Nach der Analyse der in den Jahren 2010 und 2011 geltenden Rechtslage, insbesondere auch von Urteilen des Bundesgerichts zu Erotikstudios und Massagesalons in Bezug auf die Abgrenzung zwischen selbstständiger und unselbstständiger Tätigkeit, kommt das BVGer zum Schluss, die Urteile seien zweifellos relevant für die Klärung der Frage, ob eine Steuerforderung bestehe. Diese Frage sei jedoch bereits rechtskräftig geklärt worden, weshalb sie im vorliegenden Verfahren nicht mehr erörtert werden könne. Betreffend die Frage, ob ein entschuldbarer Irrtum gemäss Art. 92 Abs. 1 lit. a MWSTG vorliege, könnten diese Urteile der BF nicht ohne weiteres entgegengehalten werden, da diese mit ihren Begleitservices in einem anderen Umfeld tätig sei und die Situation mithin nicht genügend vergleichbar sei (E 6.2.6.1).
Als Antwort auf das Vorbringen der ESTV, die BF hätte die publizierte Rechtsprechung verfolgen müssen, analysiert das BVGer die in Merkblatt 02, Ziff. 1.1 (französische Version) festgehaltenen Ausführungen zur (un)selbstständigen Tätigkeit:
- Version publiziert am 1. Januar 2010: „Si une activité est qualifiée d’indépendante par les administrations de sécurité sociale (AVS) ou par d’autres autorités fiscales (impôt sur le revenu), cela s’applique également pour la TVA.”

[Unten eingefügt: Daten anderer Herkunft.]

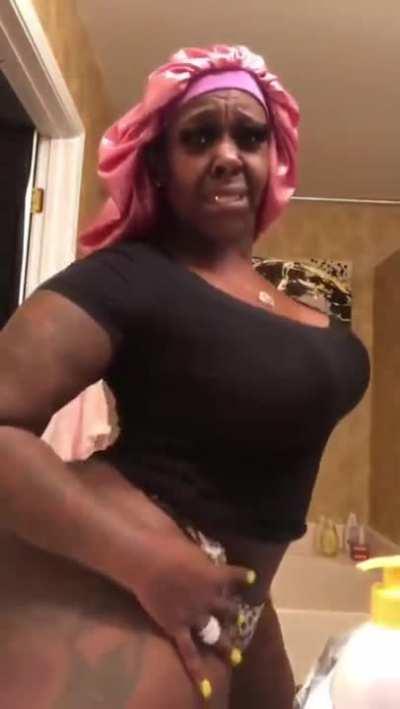 Damn she thick asf and tall with it a whole Amazon 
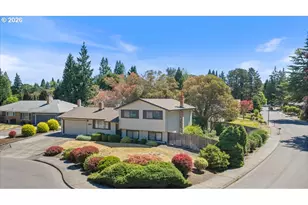 18765 SW Honeywood Ct, Beaverton, OR 97003 - Photo 2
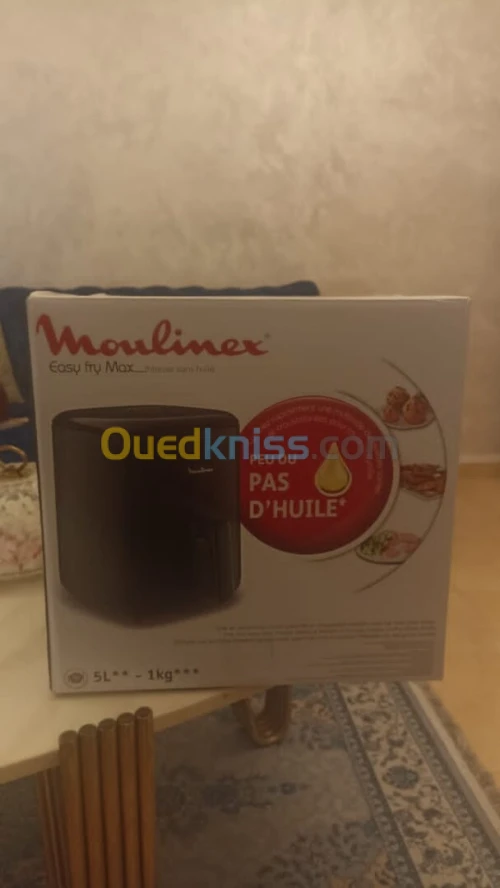 Friteuse sans huile marque Moulinex 
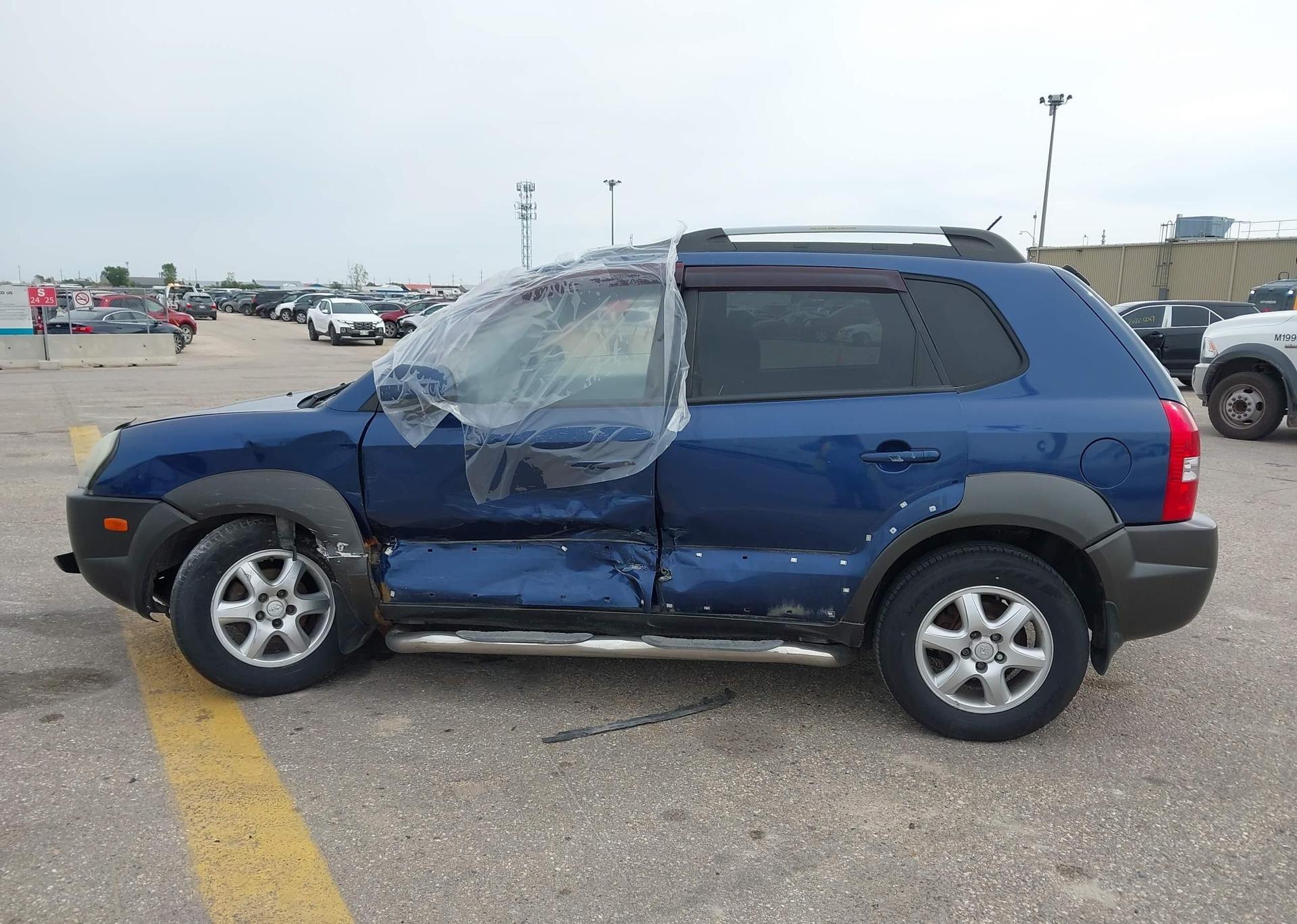 2005 HYUNDAI TUCSON GL V6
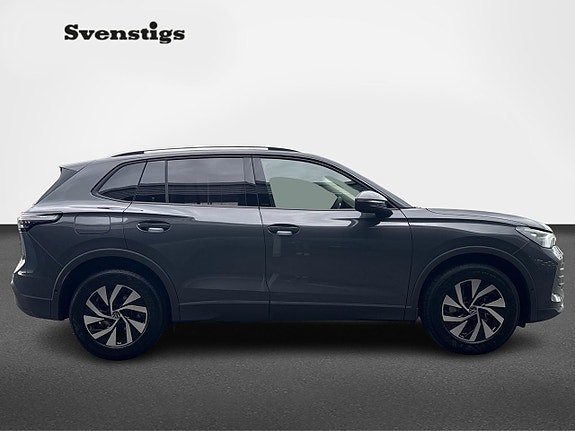 Volkswagen Tiguan 3 of 16
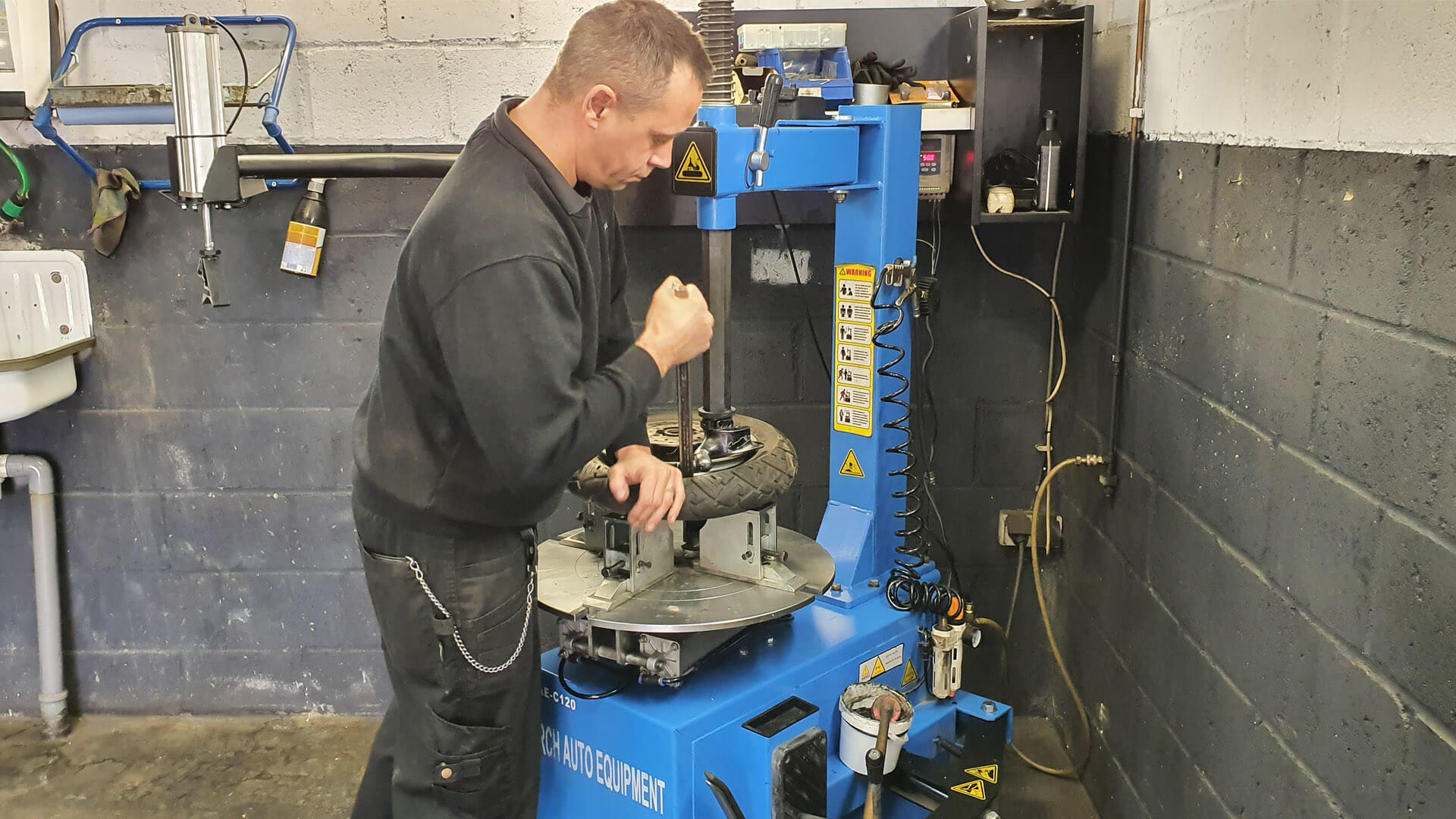 Scooter bandenservice en montage bij Parkstad Scooters in Landgraaf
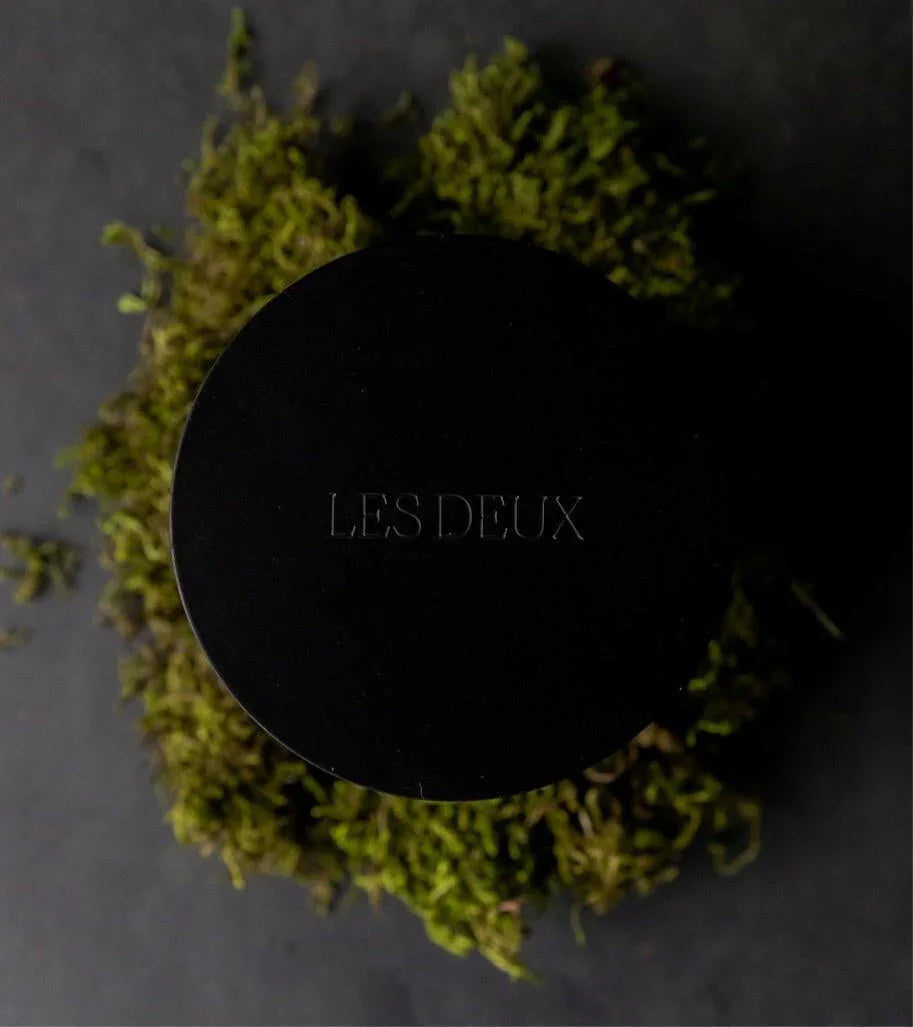 Les Deux Fragrances No. 1 - Bois Sacré Candle Les Deux Fragrances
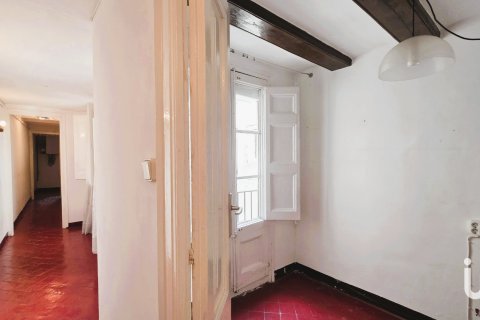 Продажа квартиры в Барселона, Испания 3 спальни, 118м2 №153215 - фото 10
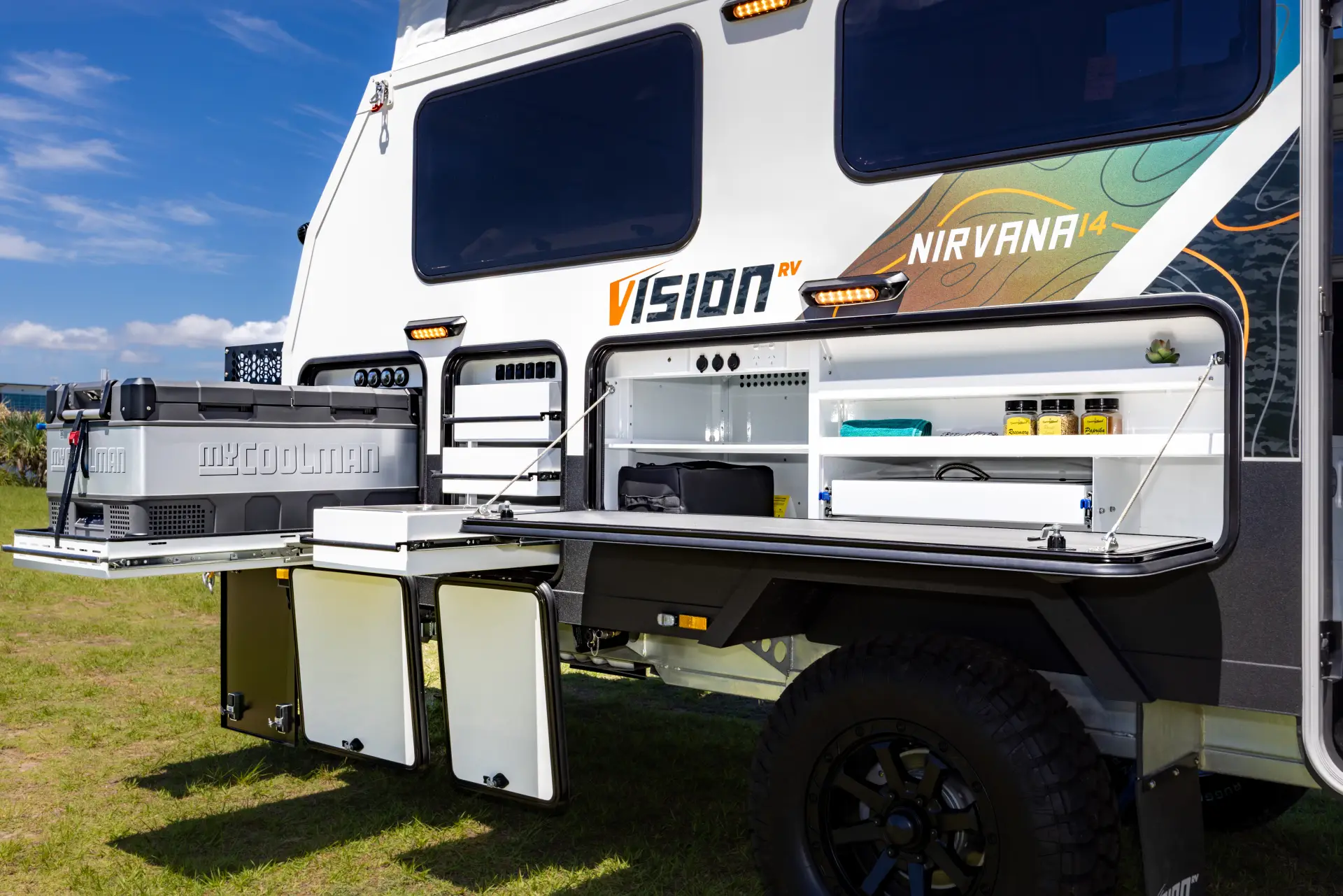 2026 Vision RV Nirvana 14 Hybrid — photo 8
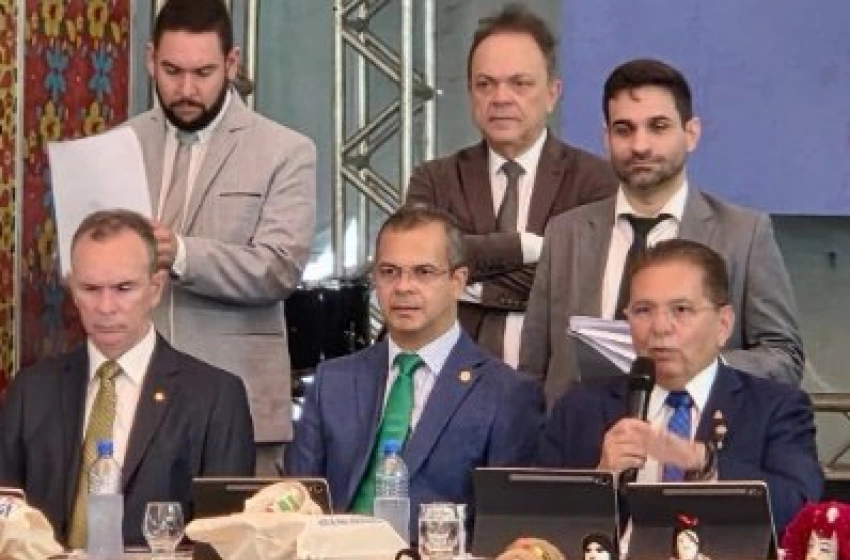 Imagem Jutay Meneses durante sessão ordinária da ALPB, realizada no Salão do Artesanato, em Campina Grande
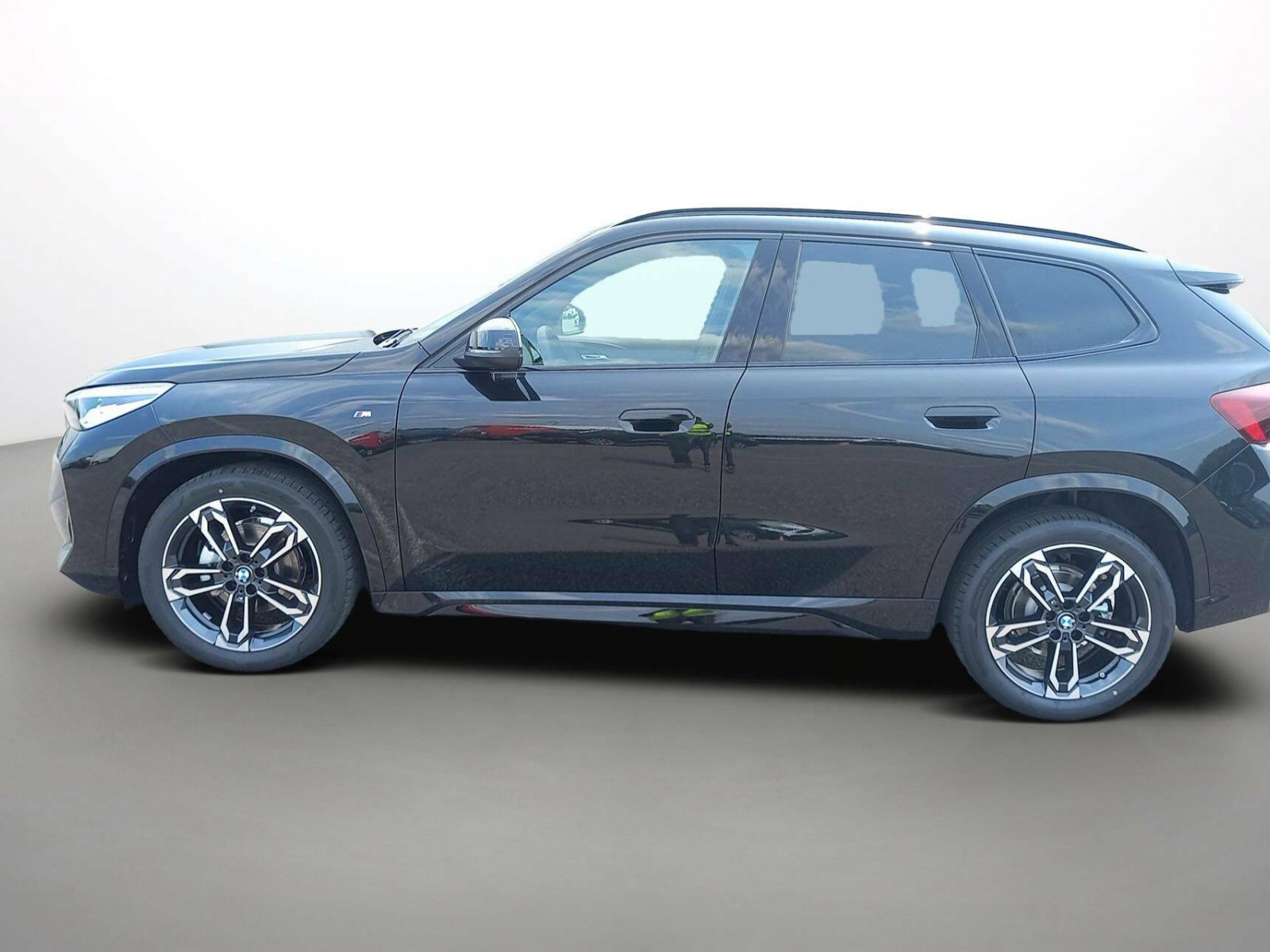 BMW - X1 U11 - #724868 - 15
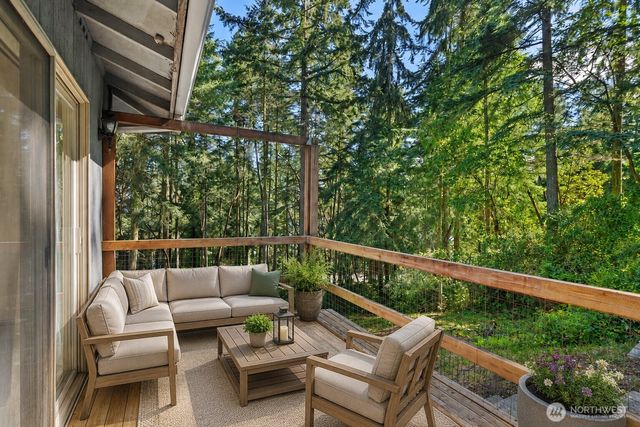 305 Blueberry Hill Road, Port Ludlow, WA 98365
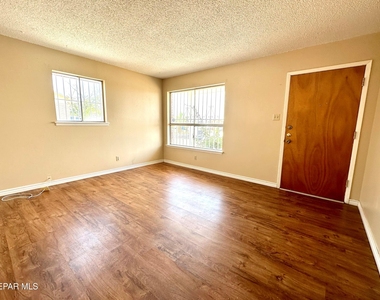 10241 Kellogg Street - Photo Thumbnail 2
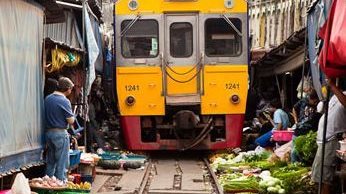 Video ... Train breaking through a Thai market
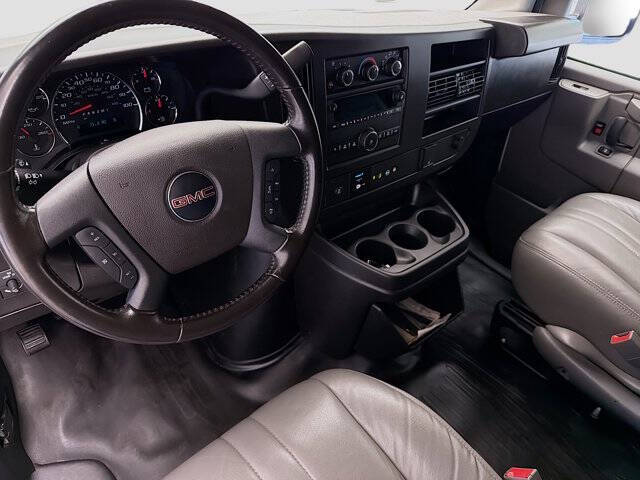 2023 GMC Savana 2500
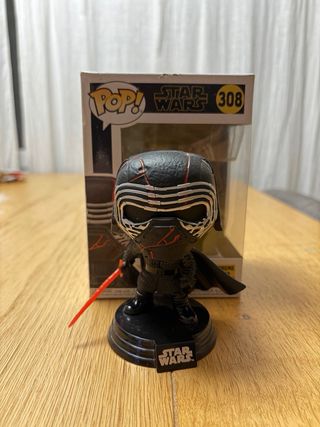 Lote Star Wars: Funkos, Figuras y Póster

- Version publiziert am 10. Oktober 2013: “C’est la raison pour laquelle la qualification retenue par les autorités correspondantes constitue un indice déterminant pour l’appréciation du point de vue de la TVA.”
Das BVGer hält fest, dass beide Versionen der publizierten Praxis die höchstrichterliche Praxis nicht korrekt reflektierten, hielte diese doch fest dass «… le statut au plan des assurances sociales et en matière d’impôts directs constitue un indice, mais n’est pas déterminant à lui seul…». Wenn nicht einmal die ESTV als Vollzugsorgan für die MWST im Stande sei, die höchstrichterliche Praxis korrekt in die publizierte Verwaltungspraxis zu überführen, könne von der BF die korrekte Anwendung dieser richterlichen Praxis nicht verlangt werden (E 6.2.6.5). Obwohl es in den Augen des BVGer undenkbar (‘pas concevable’) ist, dass aus einer falschen Weisung der ESTV automatisch ein entschuldbarer Irrtum folgt, liessen die vorliegenden ausserordentlichen Umstände keinen anderen Schluss als die Annahme eines entschuldbaren Irrtums zu.
Die Argumentation der ESTV, auf ihrer Homepage befinde sich ein Hinweis, wonach sich die steuerpflichtigen Personen bei einer «incertitude relative» betreffend die steuerliche Würdigung eines Geschäftsfalles an die ESTV wenden solle, was per se die Annahme eines entschuldbaren Grundes ausschliesse, weist das BVGer mit grosser Schärfe zurück: Die Formulierung der vorzitierten schriftlichen Praxis der ESTV lasse keinen Raum für eine «gewisse Unsicherheit», der Argumentation der ESTV fehle es daher an grundlegender Kohärenz (E 6.2.6.5).03
Das Vorliegen einer besonderen Härte wurde vom BVGer ebenfalls bejaht mit der Begründung, dass, sollten sowohl die Steuerforderung der Periode 1 als auch diejenige der Periode 2 beglichen werden müssen, die Gesellschaft überschuldet (Art. 725 OR) und somit ihre Existenz bedroht wäre. Auch wenn nur die Steuerforderung der Periode 2 berücksichtigt wird, stelle diese immer noch eine substantielle Bedrohung für die Gesellschaft dar.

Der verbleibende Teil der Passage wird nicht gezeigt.